4. L’exécution du présent jugement, eu égard au motif d’annulation de l’arrêté du préfet des Yvelines implique nécessairement la délivrance d’un titre de séjour portant la mention « vie privée et familiale » à M. C, dans le délai d’un mois à compter de la notification du présent jugement, sans qu’il soit besoin d’assortir cette injonction d’une astreinte.

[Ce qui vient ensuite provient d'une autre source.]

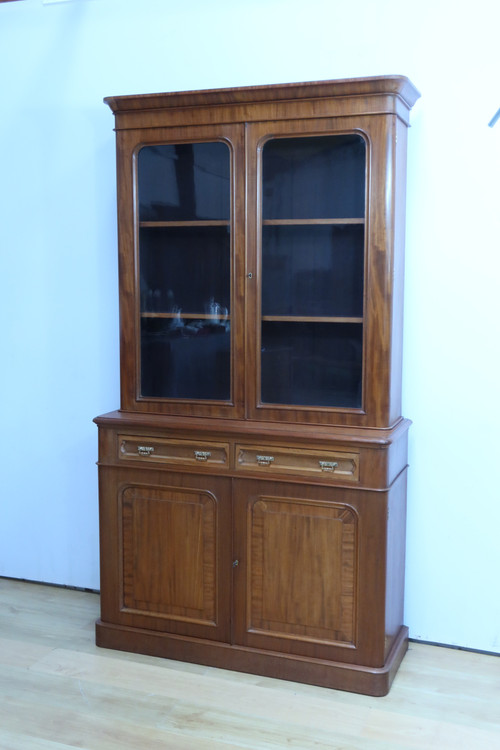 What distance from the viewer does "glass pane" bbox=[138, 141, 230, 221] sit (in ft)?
8.06

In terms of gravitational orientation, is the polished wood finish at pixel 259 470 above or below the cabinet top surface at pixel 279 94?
below

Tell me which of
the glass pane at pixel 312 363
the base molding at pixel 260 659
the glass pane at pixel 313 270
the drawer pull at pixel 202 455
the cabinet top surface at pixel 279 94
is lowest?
the base molding at pixel 260 659

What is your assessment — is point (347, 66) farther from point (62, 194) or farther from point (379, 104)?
point (62, 194)

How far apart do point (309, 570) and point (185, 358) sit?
764mm

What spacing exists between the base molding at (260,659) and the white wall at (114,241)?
0.39 metres

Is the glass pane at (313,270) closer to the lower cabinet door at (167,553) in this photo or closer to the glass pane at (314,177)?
the glass pane at (314,177)

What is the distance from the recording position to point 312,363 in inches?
95.4

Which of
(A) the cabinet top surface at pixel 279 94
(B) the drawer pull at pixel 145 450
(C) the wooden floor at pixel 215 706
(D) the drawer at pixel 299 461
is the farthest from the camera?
(B) the drawer pull at pixel 145 450

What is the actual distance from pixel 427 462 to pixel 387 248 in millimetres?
761

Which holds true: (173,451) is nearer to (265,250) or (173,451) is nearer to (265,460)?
(265,460)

5. Il y a lieu, dans les circonstances de l’espèce, de mettre à la charge de l’Etat une somme de 1 000 euros sur le fondement des dispositions de l’article L. 761-1 du code de justice administrative.
D E C I D E :
Article 1er : L’arrêté du préfet des Yvelines du 28 février 2025 est annulé.
Article 2 : Il est enjoint au préfet des Yvelines, ou au préfet compétent au regard du lieu de résidence actuel de l’intéressé, de procéder à la délivrance à M. C d’un titre de séjour portant la mention « vie privée et familiale » dans le délai d’un mois à compter de la notification du présent jugement.
Article 3 : L’Etat versera à M. C la somme de 1 000 euros sur le fondement de l’article L. 761-1 du code de justice administrative.
Article 4 : Le surplus des conclusions de la requête est rejeté.
Article 5 : Le présent jugement sera notifié à M. A C et au préfet des Yvelines.
Délibéré après l’audience du 1er juillet 2025, à laquelle siégeaient :
M. Doré, président,
Mme Ghiandoni, première conseillère,
M. Bertaux, conseiller.
Rendu public par mise à disposition au greffe le 2 septembre 2025.
Le Président-rapporteur,
Signé
F. Doré
L’assesseur le plus ancien dans l’ordre du tableau,
Signé
S. GhiandoniLa greffière,
Signé
V. Retby
La République mande et ordonne au préfet des Yvelines, en ce qui le concerne, ou à tous commissaires de justice à ce requis, en ce qui concerne les voies d’exécution contre les parties privées, de pourvoir à l’exécution de la présente décision.